What was going on? Alex had anxiously queried his technical specialists. Somebody is mapping your businesses and transactions, came the answer. For how long? he asked. Maybe weeks, more probably months, and it seemed fair to conclude that whoever launched this attack now had an avalanche of information regarding how his rapidly expanding empire came together, how one piece interfaced with the next, how and where the money flowed, even the identities of the key people who pushed the buttons. The computers in the human resources department, particularly, were riddled with enough spyware to feed a software convention.

The programs were wiped clean, gobs of money were thrown at more protective software-all imported from America, all state of the art, all breathtakingly expensive-and nothing was heard from the originator of the attack. Corporate extortion or any of several forms of embezzlement had been anticipated-pay us off, the intercepted traffic will be destroyed, the attacks will stop. But after long weeks during which Alex's hired computer wizards held their breath and nobody approached the firm, a new, more hopeful scenario was reached.
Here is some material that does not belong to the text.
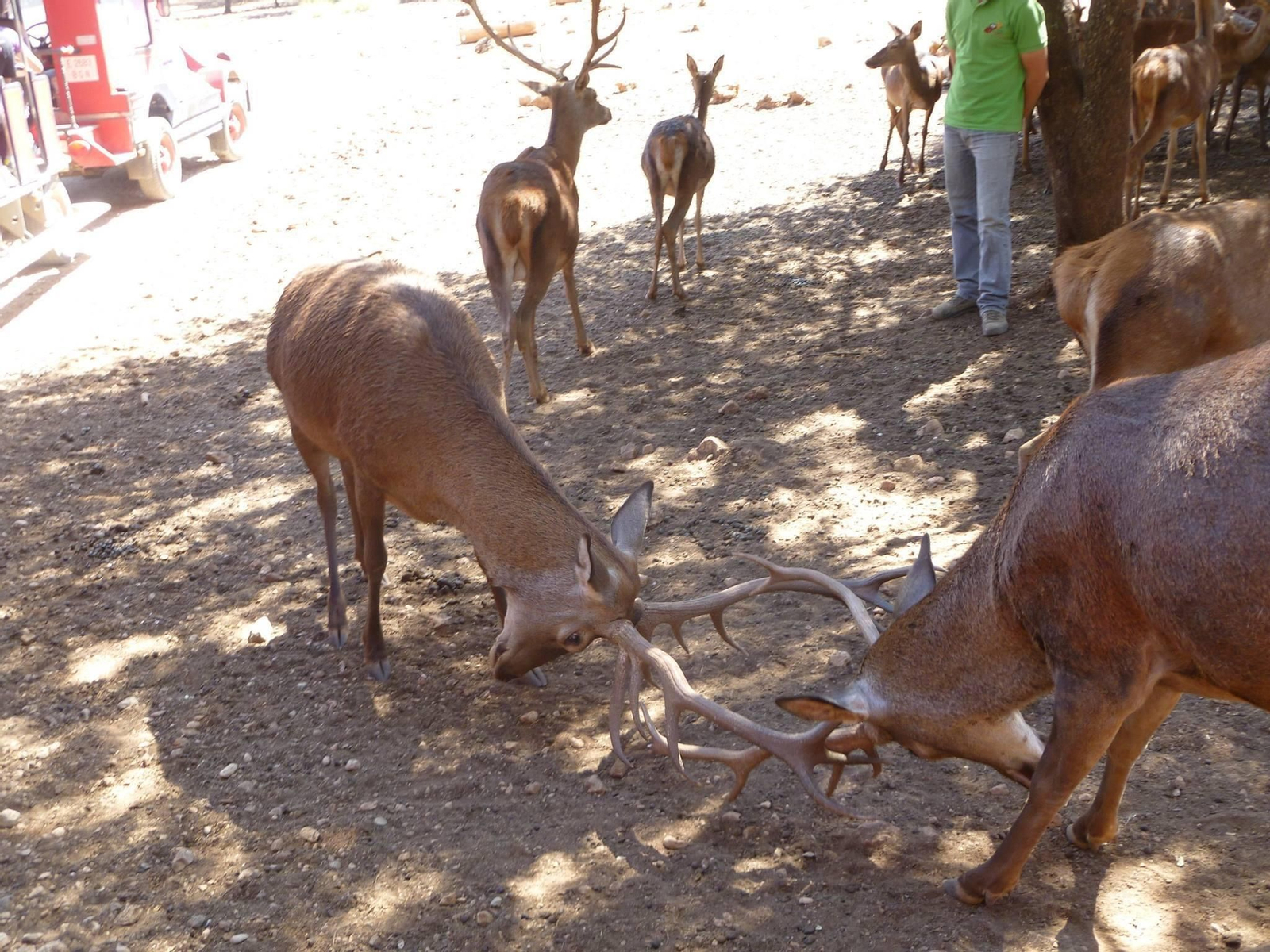 La berrea, evento del año en el parque natural.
It was probably one of the expanding army of nettlesome computer nerds, his technical people speculated-nothing to be overly concerned with. This was an everyday problem in the United States, Alex was told, where hackers sat up all night and thought up ways to be bothersome for no greater reason than the idiotic satisfaction of imagining it made them something more than the insignificant little twits they were.

In fact, Alex was warned, it could have been much worse; the sneaks could've hacked in, crashed the entire system, and demolished mounds of irreplaceable information. A helpful and timely warning, actually-take better precautions, spend whatever it takes, and then some. Stay alert. Be thankful we detected the problem early and eliminated it, Alex was told by his head technician, an American imported and paid a small fortune for his erudition in these matters.